Nel Parco Nazionale del Cilento, un convento francescano del XIV secolo rinasce come boutique hotel. Pietra, legno e luce naturale si intrecciano in un progetto che fonde spiritualità e design, silenzio e ospitalità consapevole
Tra le colline del Parco Nazionale del Cilento, dove il tempo segue ancora il ritmo lento della natura, un convento francescano del XIV secolo è tornato a vivere. Pietra, legno e calce raccontano una nuova forma di ospitalità: silenziosa, essenziale, intima. È il Convento Francescano Experience Hotel, un progetto che unisce architettura, memoria e paesaggio in un equilibrio quasi mistico.
Situato a Cuccaro Vetere, piccolo borgo di cinquecento abitanti affacciato sul mare di Policastro, il complesso emerge tra uliveti secolari e muri in pietra viva. L’intervento, sotto la regia Alberto Carrato e Maria Chiara Faganel, è un restauro rispettoso e poetico, capace di trasformare un luogo di meditazione in un laboratorio di rinascita territoriale.
Un tempo dimora dei Frati Minori, il convento è stato restaurato secondo un’idea di lusso rurale: un’eleganza sobria e autentica che rispetta l’essenza francescana e la natura circostante. I materiali sono locali o originali — pietra, legno, calce a mano, terracotta, frammenti di affreschi trecenteschi — assemblati con la stessa cura dei monaci che qui vissero secoli fa.
L’antica struttura si estende intorno al chiostro, cuore del complesso. Le sette suite, tutte diverse, conservano affreschi, volte e pareti in pietra. Ciascuna è dotata di una vasca freestanding, omaggio al rituale di lavaggio offerto un tempo ai pellegrini.
Gli arredi fondono design contemporaneo e artigianato cilentano: elementi firmati B&B Italia, Poltrona Frau e Artemide si combinano con pezzi su misura in legni grezzi e dettagli realizzati da artigiani locali. L’illuminazione intreccia panari — i cesti di raccolta tradizionali — e lampade d’epoca, in un raffinato gioco di materia e memoria.

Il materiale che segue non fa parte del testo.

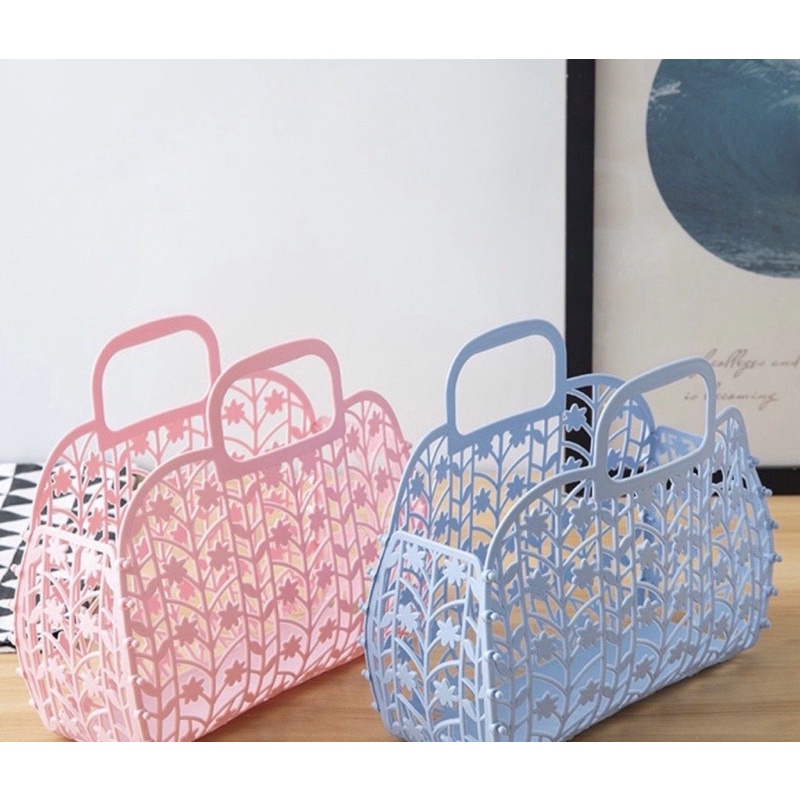 TAS KERANJANG HAMPERS ULANG TAHUN ANAK / TAS SOUVENIR ULANG TAHUN ANAK / TAS KERANJANG KEKINIAN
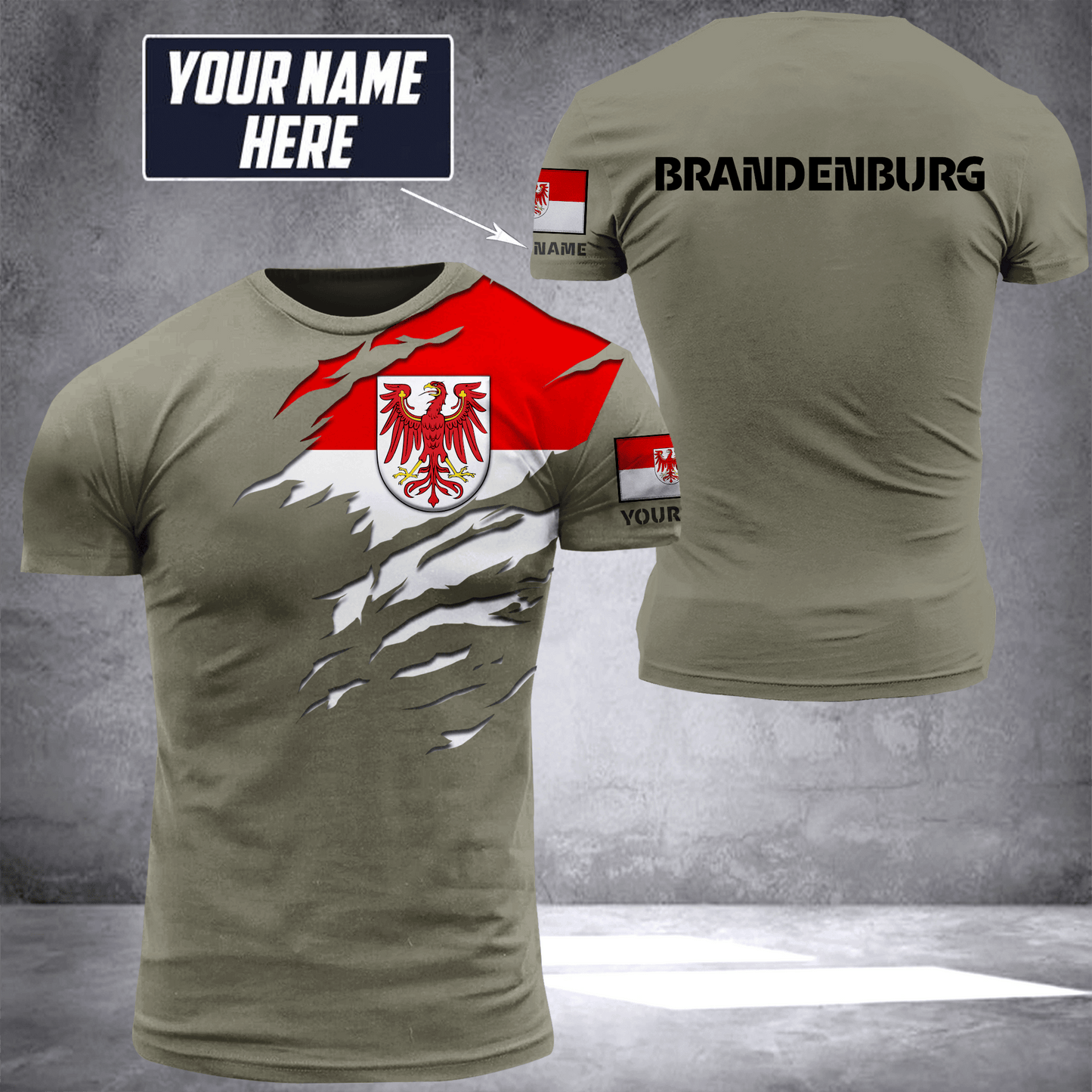 Brandenburg customize T-shirt ZA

Nei mesi estivi, il ristorante apre sotto i portici del chiostro; d’inverno si trasferisce nella Cappella del Legno Santo, affrescata tra XIV e XVIII secolo, ora restaurata con delicatezza e destinata anche a eventi culturali e residenze d’artista.

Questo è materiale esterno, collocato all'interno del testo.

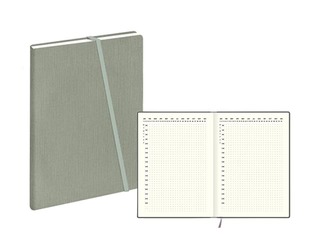 Ежедневник  Private, серо-зеленый с текстура
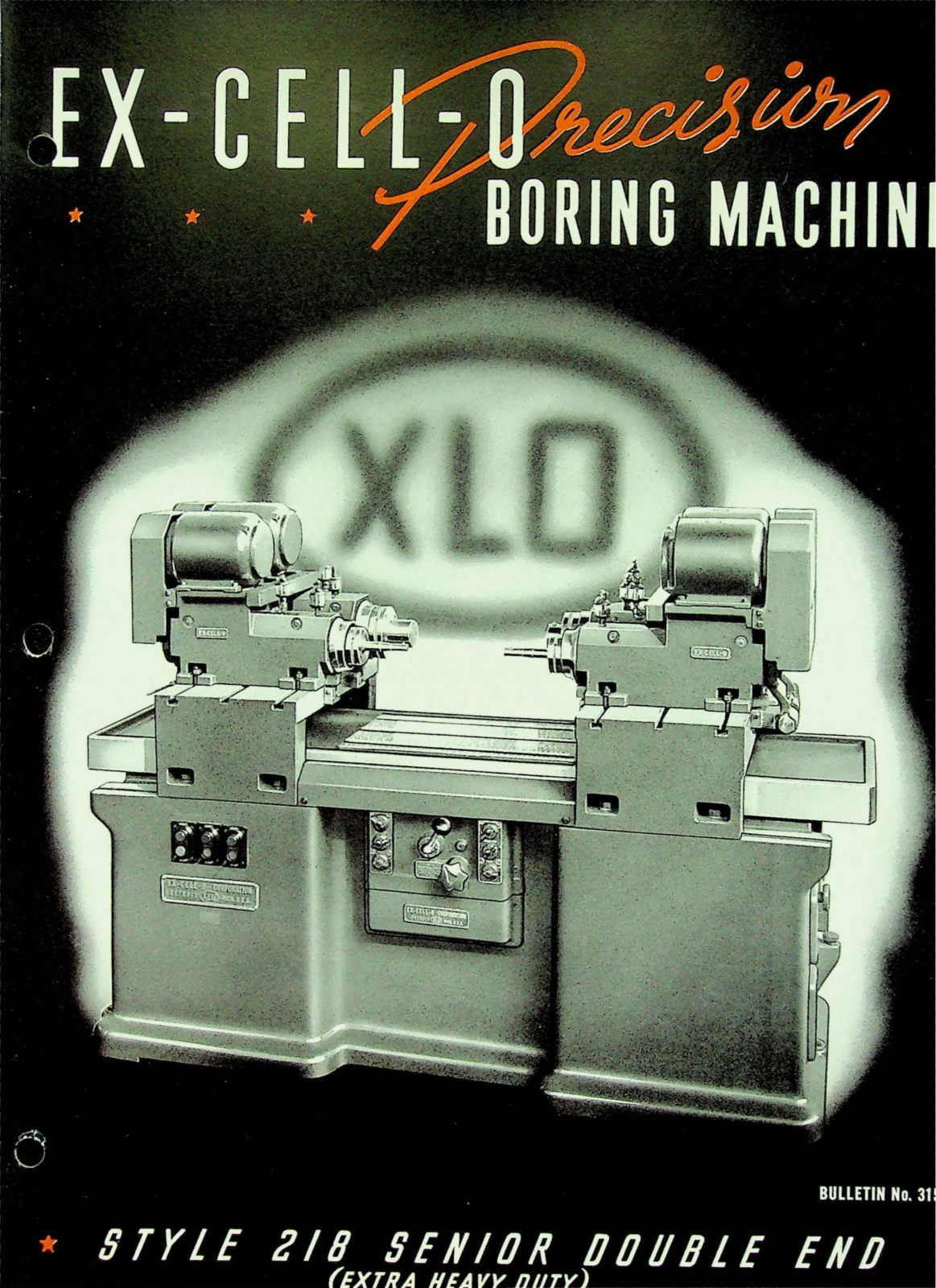 Ex-Cell-O Machine Tools Style 218 Senior Double End Boring Machine Grinder - ManualMachine.com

All’esterno, una piscina in pietra si affaccia sul Monte Bulgheria e sul Golfo di Policastro. Poco distante, una piccola spa con sauna finlandese e vasca idromassaggio offre benessere e connessione tra corpo e paesaggio. Il giardino terrazzato mediterraneo, scavato nel fianco della collina, accoglie gli ospiti per aperitivi al tramonto, mentre il lounge-bar con biliardo e cigar room si apre sul chiostro, invitando a serate lente e contemplative.
Per Alberto Carrato, milanese con radici cilentane, e Maria Chiara Faganel, triestina ed esperta di sostenibilità, il progetto rappresenta un viaggio personale e un atto di restituzione: riportare vita e senso in un luogo dove il tempo si era fermato. «Il nostro obiettivo — spiegano — era creare un luogo dove l’architettura fosse al servizio del paesaggio e del silenzio. Un’esperienza autentica, radicata nella terra e nelle persone».

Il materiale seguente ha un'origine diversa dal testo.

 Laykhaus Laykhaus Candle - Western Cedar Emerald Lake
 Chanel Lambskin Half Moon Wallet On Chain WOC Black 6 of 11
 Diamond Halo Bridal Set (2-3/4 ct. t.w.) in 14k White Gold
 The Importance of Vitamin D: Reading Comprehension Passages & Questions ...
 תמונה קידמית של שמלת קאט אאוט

Così, il Convento Francescano Experience Hotel trascende la definizione di semplice struttura ricettiva: diventa spazio di contemplazione contemporanea, dove la spiritualità incontra il design, e dove l’idea di lusso coincide con la consapevolezza. L’architettura adotta un linguaggio di empatia e il restauro non impone, ma accompagna: la materia parla, le imperfezioni diventano bellezza e la semplicità è una nuova forma di eleganza.